Crédito da imagem: Ilustrativo/Gerado por IA

A Prefeitura de São Roque, no interior do Estado de São Paulo, permitiu que servidores municipais e aposentados utilizem empréstimos consignados oferecidos pelo Banco Digimais. A medida foi implementada cerca de um ano após o município aplicar R$ 98 milhões do orçamento da previdência municipal no Banco Master.

De acordo com informações do portal Metrópoles, a liberação dos empréstimos pelo Digimais ocorreu em outubro de 2025. O contrato tem vigência de um ano, e as parcelas são descontadas diretamente da folha de pagamento dos funcionários públicos.

Digimais investigado pela PF

A Polícia Federal (PF) realizou nove mandados de busca e apreensão em endereços vinculados ao Digimais.
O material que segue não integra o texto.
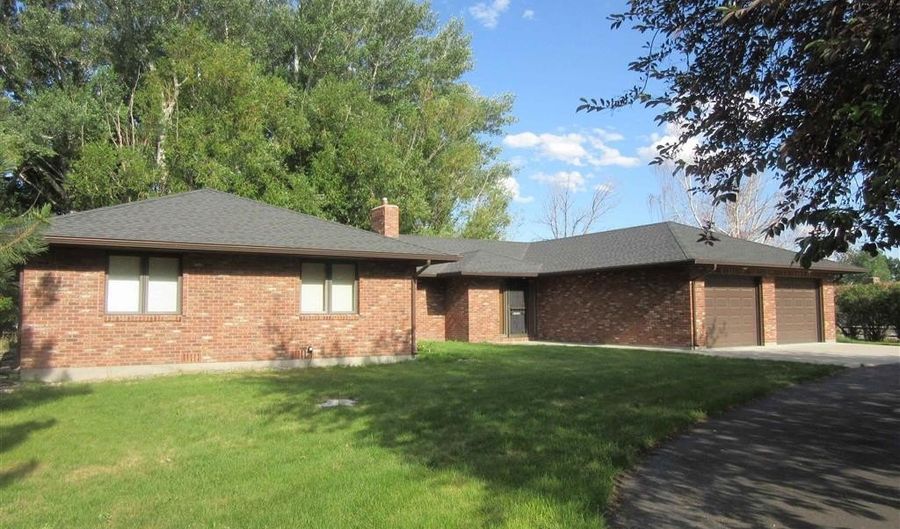 100 McCullough Dr, Cody, WY 82414 - 3 Beds, 1 Bath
As investigações apontam indícios de violação do sistema financeiro nacional.

O banco pertence a um grupo controlado pelo bispo Edir Macedo, líder da Igreja Universal do Reino de Deus e dono da Record TV. Embora o próprio religioso não tenha sido alvo das buscas (por residir no exterior), a Justiça quebrou o sigilo bancário dele e bloqueou seus ativos.

Segundo relatos da PF, a instituição teria inflado artificialmente os balanços e manipulado registros contábeis para encobrir déficits financeiros. O Digimais nega as acusações e afirma colaborar com as autoridades.

Dados técnicos de 2024 e 2025 revelam que o patrimônio do banco sofreu reduções significativas, dependendo constantemente de recursos pessoais do bispo Edir Macedo para manter a operação.

Municípios paulistas também aderem ao consignado

Pelo menos dez cidades do Estado de São Paulo autorizaram o uso de empréstimos consignados do Digimais. Entre as localidades estão Guarulhos, São José do Rio Preto, São Sebastião, Ubatuba, Praia Grande, Pindamonhangaba e Tupã.

A Polícia Militar estadual concedeu autorização para o uso dos empréstimos um mês antes da Prefeitura de São Roque adotar a mesma medida.

O Banco Central já havia rejeitado a venda do Digimais ao BlueBank, instituição ligada ao empresário Maurício Quadrado, antigo sócio do Banco Master. A decisão ocorreu meses antes da autorização municipal.